第16話 JKと呪術人形と宣戦布告

俺のスマホが鳴る。

「あの、芽依です。今日もお邪魔してもいいですか?」

「うん、いいよ。」


年が明けた。もう三十路に突入してから半年以上経つ。時間が経つのがどんどん速くなるのを感じている。

芽依ちゃんは年末ごろからちょくちょく俺のアパートで勉強するようになっていた。

「来週、『共通テスト』(旧大学センター試験)の本番なんですよ。」


例の従兄が芽依ちゃんの部屋の前で夜な夜な暴れているらしい。どうにも芽依ちゃんの受験勉強を邪魔したいらしいのだ。芽依ちゃんが家を出れば騒ぐのをやめるので、居づらいことこの上ないという。


最初は小野寺の部屋で勉強していたらしいのだが、意外に汚部屋で落ち着かなかったのと、女子同士だといつのまにかお菓子をつまみにお喋りになってしまうらしく、結局、俺の部屋に入り浸るようになった。俺は勉強の邪魔にならないよう奥の私室にいるか飲みに出かけてしまう。もっとも年末年始はキナシの案件が一気に増えるので下手をすると九段の合同庁舎で寝泊まりしてる方が多かった。


「俺の部屋に入らないきゃ自由に使ってくれて構わないよ。」

という条件で芽依ちゃんにはアパートの合鍵を渡しておいた。

「エノさんの部屋に興味はないので安心してください。」

とばっさり切り捨てられてしまったのだ。
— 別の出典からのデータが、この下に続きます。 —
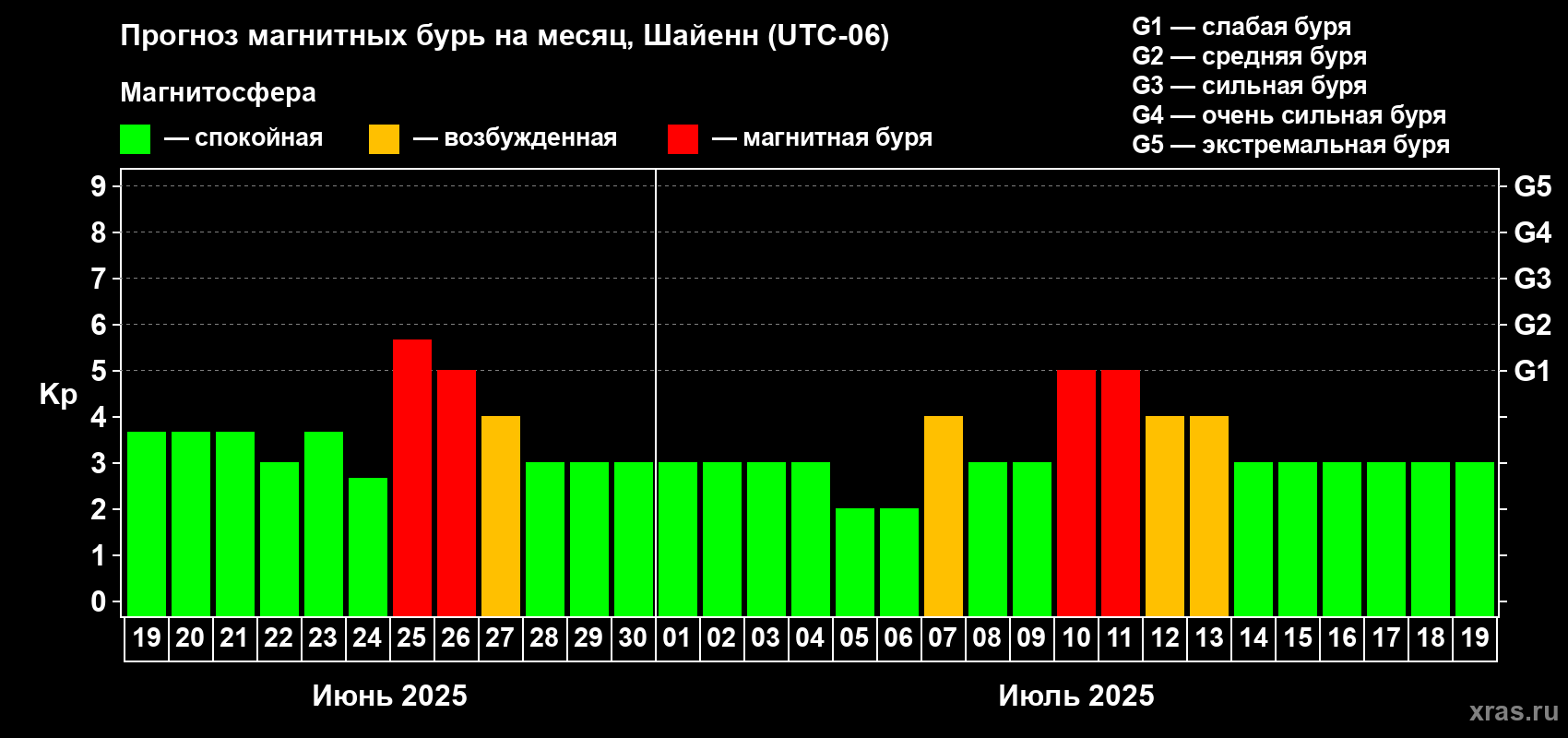 Прогноз максимального суточного геомагнитного индекса Kp на <b>1 месяц</b> (31 день) <b>с 19 июня по 19 июля 2025 г</b>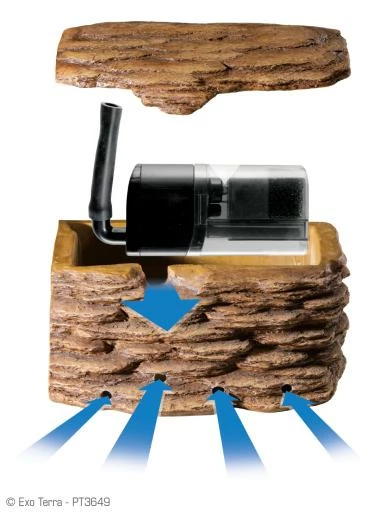 Exo Terra Filtre Et Rock Pour Tortue Turtle Cliff 4 Exo Terra Filtre Et Rock Pour Tortue Turtle Cliff – Image 2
まあ、今日日タブレット一つあれば「オカズ」は十分事足りるので、漁られて困るような類のものはない。


最近は芽依ちゃんは家に帰らずソファで睡眠もとって行くのである。もちろん昼間は学校の自習室で勉強している。無防備この上ない。


「女子高生に手を出さないでくださいね。」

小野寺に念を押される。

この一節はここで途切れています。